How much bully-induced rage does it take to finally push a person over the precipice?
Schoolyard bullies have enjoyed too much press for the last twenty or so years: there is nothing new under the sun to report about that, except possibly its lightning fast delivery through time and space thanks in no small part to sophisticated electronics and the ‘net. I don’t have a thing to add to that conversation.
But I might have something to say about this phenomenon dressed in its grown-up clothing—you could call it passive aggression, but make no mistake: what I’m talking about is bullying. This mom blogger did it way more justice in her 2010 post-gone-viral than I can hope to here. I understand her, even if my own child’s circumstances were a tad different, because I witnessed the kind of grown-up pushing and shoving she describes too many times during my parenting years. Its more benign version occurred every single day in the guise of compulsive parent volunteers who not only “selflessly” signed up to serve on every school committee or volunteer at every event, but also made sure the rest of the world (read: the parents who did not sign up) knew all about it. Call it magnanimity and self-sacrifice if you will, but it is needful superiority, plain and simple, practically oozing from the pores of parents who knew they were better than you because they stepped up to the plate more often.

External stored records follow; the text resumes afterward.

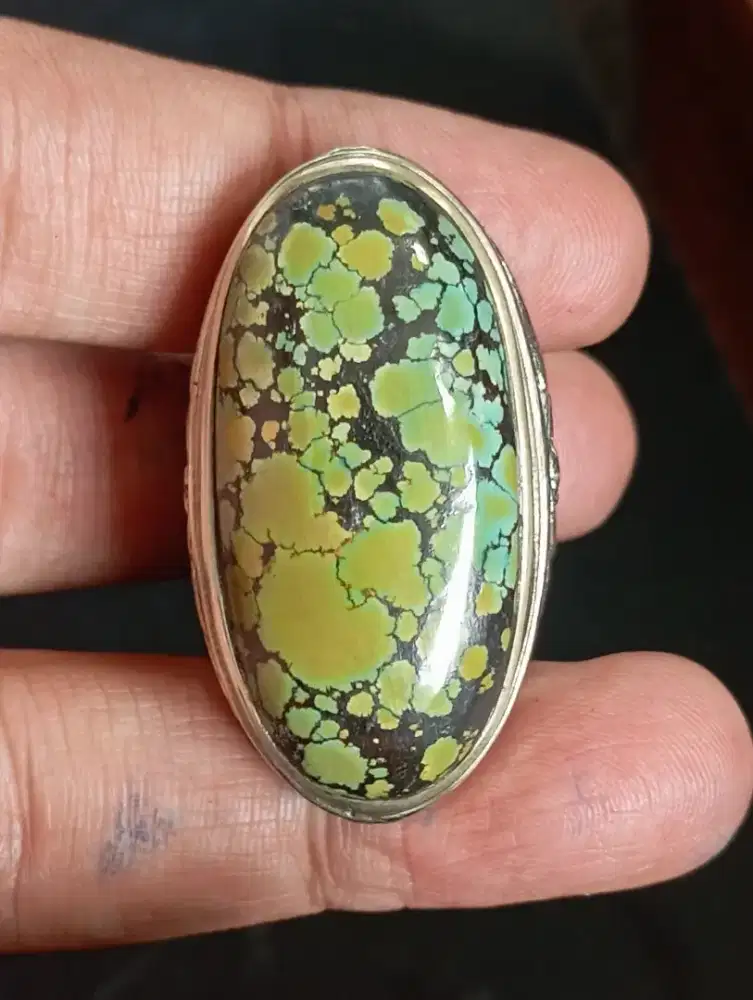 Pirus Hubei/Xinjiang Lawas Dwi Warna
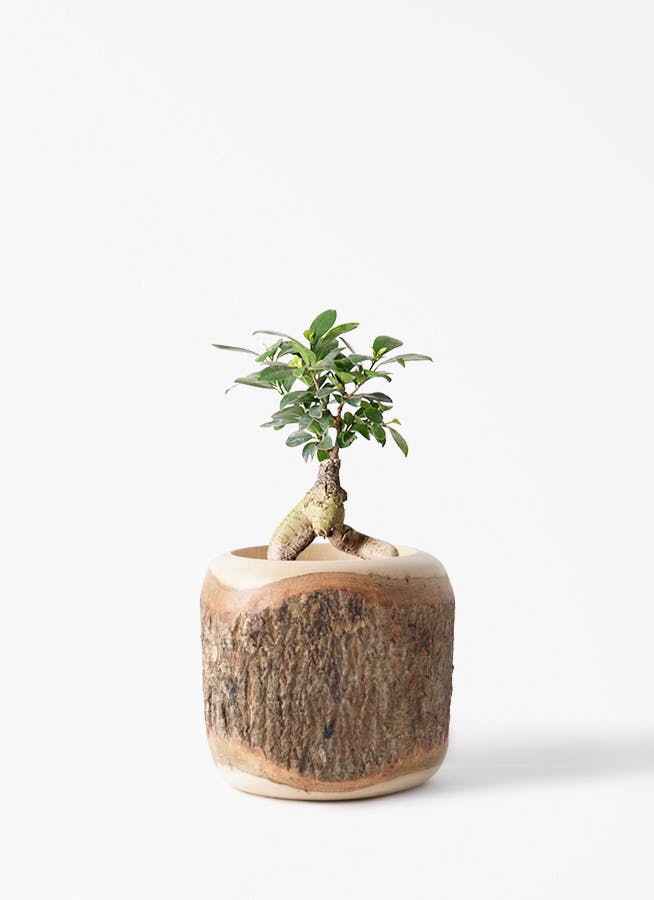 ガジュマル 4号 | 観葉植物の通販ならHitoHana（ひとはな）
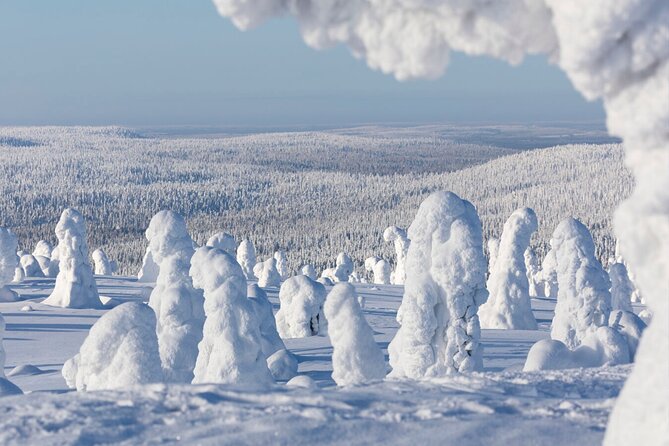 Rovaniemi: Riisitunturi Full-Day Wilderness Adventure & BBQ - Pickup, the 8:00am start, and how to plan your morning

I can think of distinctly more sinister examples of grown-up bullying, like a particular weekday morning in 2004 when I dropped my challenging child in the fourth grade classroom at the pressure-cooker private school he attended at the time. It was the worst school year to date—his, and by extension ours—and proved to be his worst ever school year when everything was said and done, as measured by how bloodied my family’s collective noses were at the end of it. For the umpteenth time I stood there just outside the classroom talking to my kid’s teacher, probably about his latest infraction, and probably also scheduling still another round of meetings with school admins and outside professionals in the eternal and exhausting attempt to give this kid a fighting chance for a normal existence at school. These efforts were futile for a multitude of reasons, but I lacked the wisdom to recognize this truth at that moment because of my own relative youth and inexperience. And hope springs eternal, after all.

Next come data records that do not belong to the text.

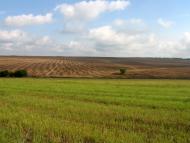 Адамівка з panoramio.com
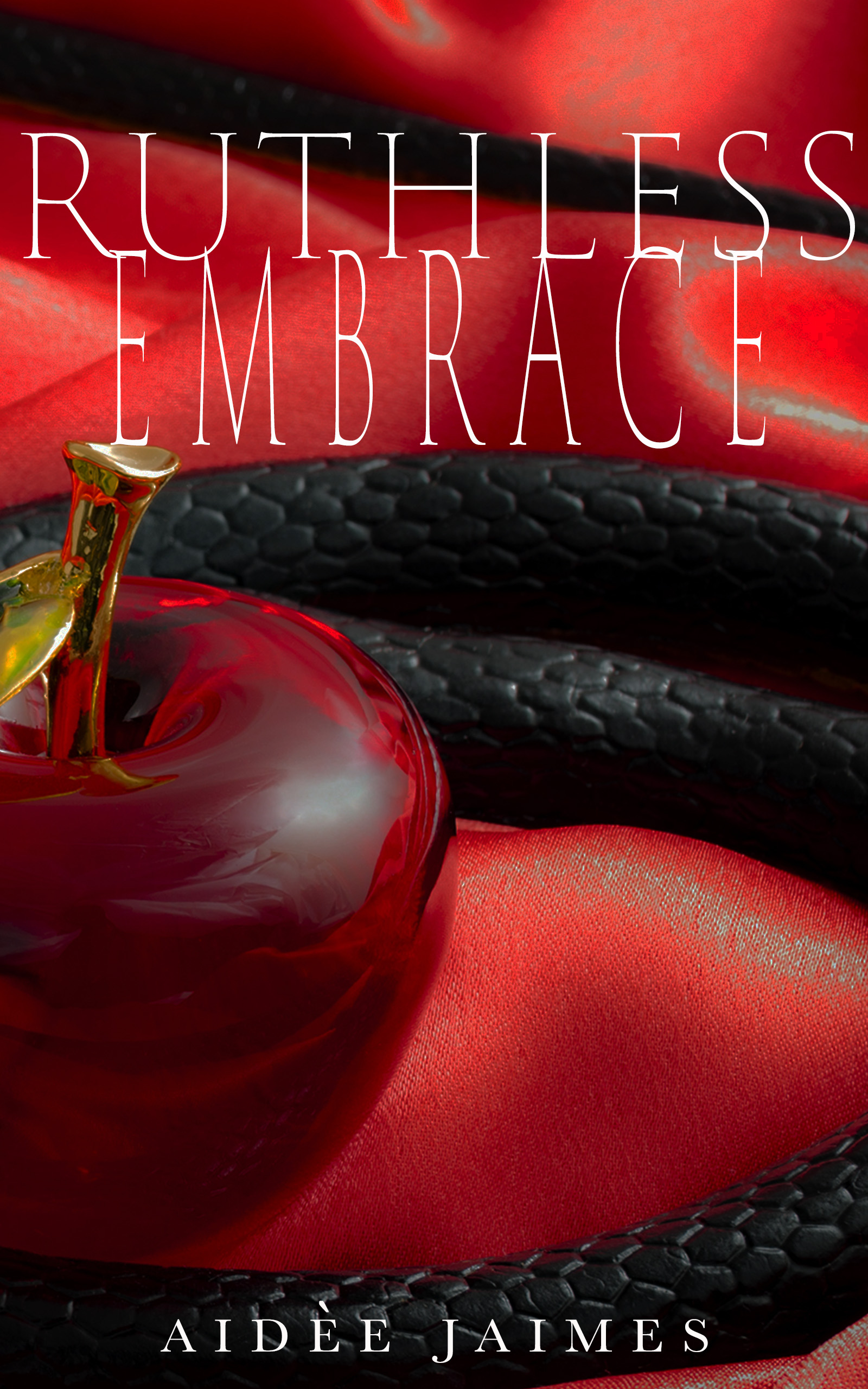 Cruel Duet book cover 2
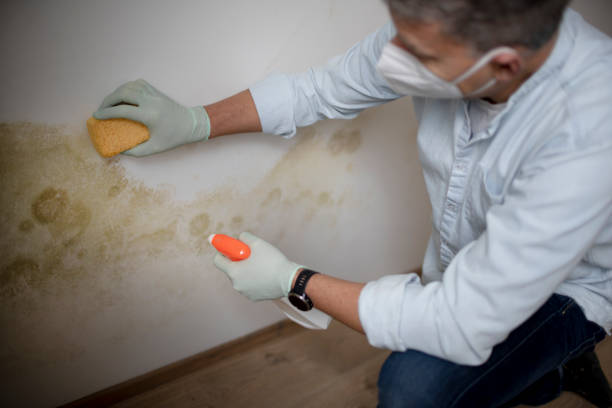 Best Professional Mold Removal  in Marceline, MO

But mainly I persisted for this: when your compromised kid has faced all kinds of challenges since preschool—some you already know about, others you’ll learn about later—it is your responsibility as his parent to advocate for him. The “system” never will, whether it’s a public or private one, and that is a fact. That much I knew at least, and that alone was reason enough to stand there and talk to this difficult, tough as nails woman about my difficult child. I probably had not gotten much sleep the night before, the shower still awaited me back at home, and also the coffee pot: I am sure I looked like Ish Kabbible, as my mom would say. In short, my general deportment did not give me much credibility.
Then I heard the unmistakable clackety-clack-clack of heels on the deck outside the classroom, recognized the silhouette of Professional Mom in her pencil skirt and suit jacket who also needed to bend the teacher’s ear about something or other to do with her wunderkind: the kid who had skipped a grade and landed here in the same classroom with my kid who had already repeated a grade. She was in a hurry, because, Professional Mom.

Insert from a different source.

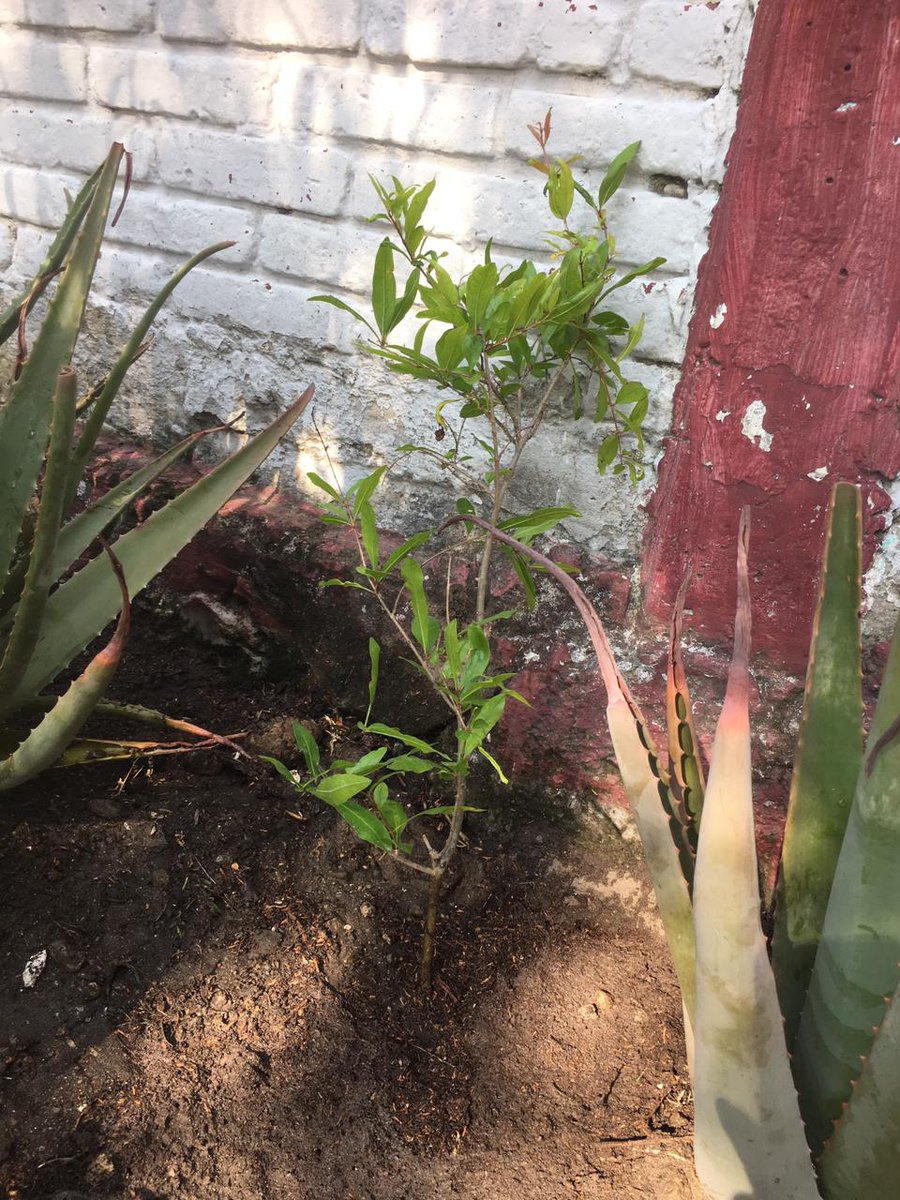 GuardabosqueUrb's tweet image. Hoy plantamos 4 Granados en conjunto con con estudiantes y padres de familia en una actividad de educación ambiental en la escuela primaria José María Pino Suárez, #Puebla. Los estudiantes continúan con su aprendizaje para tener un mejor presente.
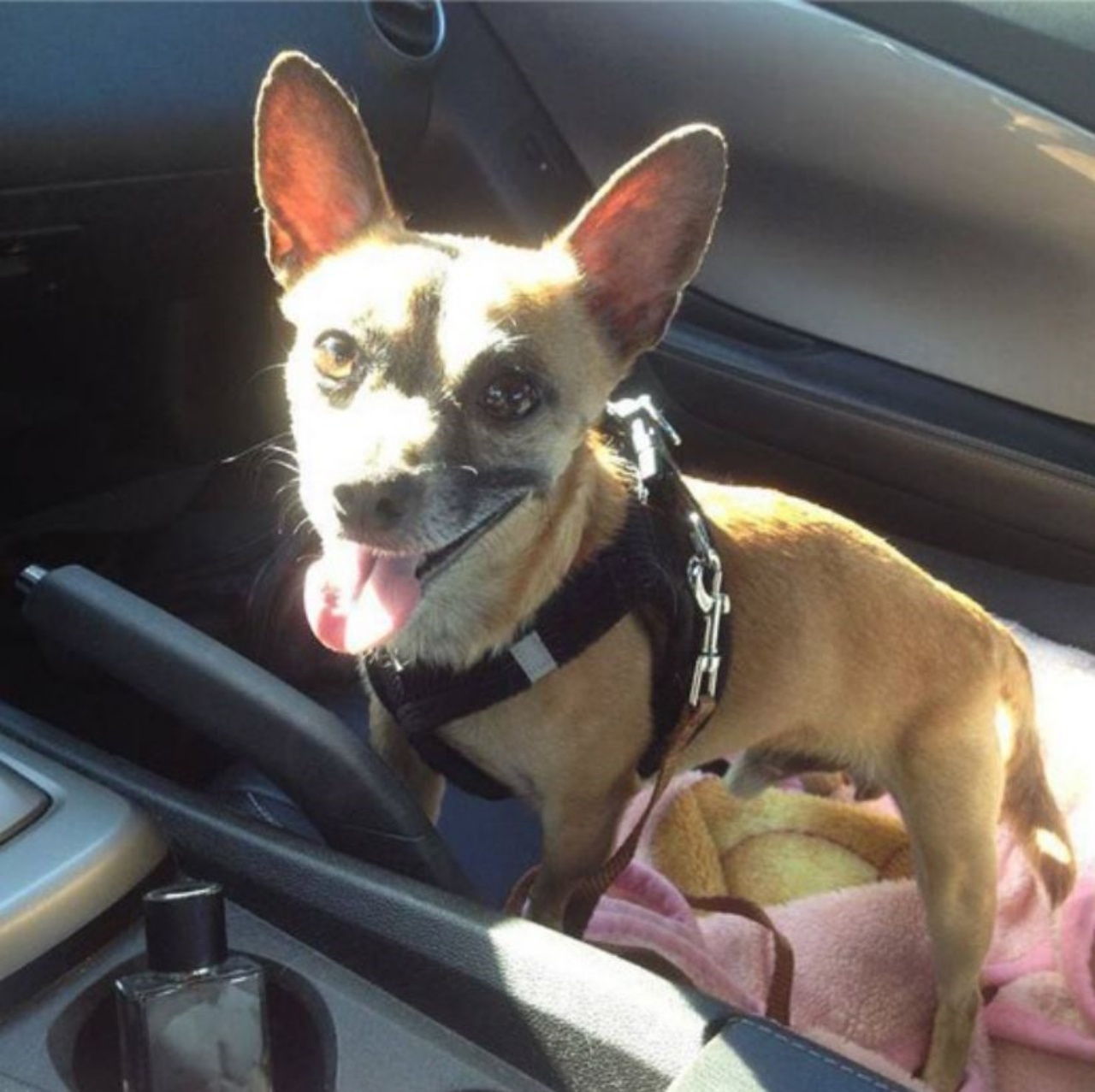 Un cane felice in un'auto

She glanced condescendingly at me and without missing a beat interrupted my sentence and started an impromptu meeting of her own. What’s more, the teacher allowed it to happen (see self-advocacy above). I struggled the rest of the day to find an appropriate lightning rod for my anger. Ish Kabibble stepped aside for Pencil Skirt on that morning in 2004. She could not possibly have known the monumental undertaking it was to convince my anxious kid to get up, get dressed and to eat at least a little something—especially important because the meds he needed to simply get through the academic day with a modicum of focus and calm had the unfortunate side effect of killing his appetite for the duration—and to get him out the door for our half-hour commute to school. It was a complicated ritual we practiced five mornings a week.
I think I know why women, especially Southern ones, are accused of gathering bitchiness in middle age: it’s got nothing to do with hormones (okay, maybe some) but more to do with politesse and tolerating grown up bullying, sometimes for decades, to the point of exploding. I get it now.
It could be worse than sounding off to superior parents in your kid’s fourth grade classroom: the beauty pageant scene in Little Miss Sunshine, for example. You know the one, where the pageant director with an acorn up her ass has her comeuppance at the end, where the parents finally reveal the truth about beauty pageants on the stage in support of their distinctly un-pageant like child.
When you’re a kid who bullies other kids, adults and sometimes institutions dole out the consequences. But adults who bully other adults, or their kids, suffer more “organic” consequences, if you like. I’m less likely to put up with women in pencil skirts and high heels these days, or aggressive fuel truck drivers on icy Vermont roads, or really anybody who is wont to push me around: the way I see it, I’ve done my time in those trenches. Call me bitchy if you want, and I’ll wear that moniker with pride.
My kid is still struggling to find his way, no thanks to some of his school experiences that should have been so much better. He did not turn out to be any of the nefarious characters as predicted by “professionals” at various times during his childhood—cruel to animals, a sexual deviant, a violent ne’er do well—not even close: the ignorant folk who made those calls got him so, so wrong. Quite the contrary, my “problem” kid as a young man is well spoken, loved and admired by his peers, and more often than not will make you pee yourself laughing with his comedic timing. He has a long road to travel yet towards being “whole,” for lack of a better word, continuing to wrestle with depression and anxiety that may have been there all along but certainly were not helped by some of the adults in his life who should have known better, people quick to marginalize others, who assumed they or their children were better or more deserving than we, or who assumed whatever misinformed thing they may have assumed about us—these are the same people about whom that mom blogger opined nearly a decade ago, who are more than happy to judge you for your apparent failure as a parent. They deserve to be called out for bad behavior, then and now.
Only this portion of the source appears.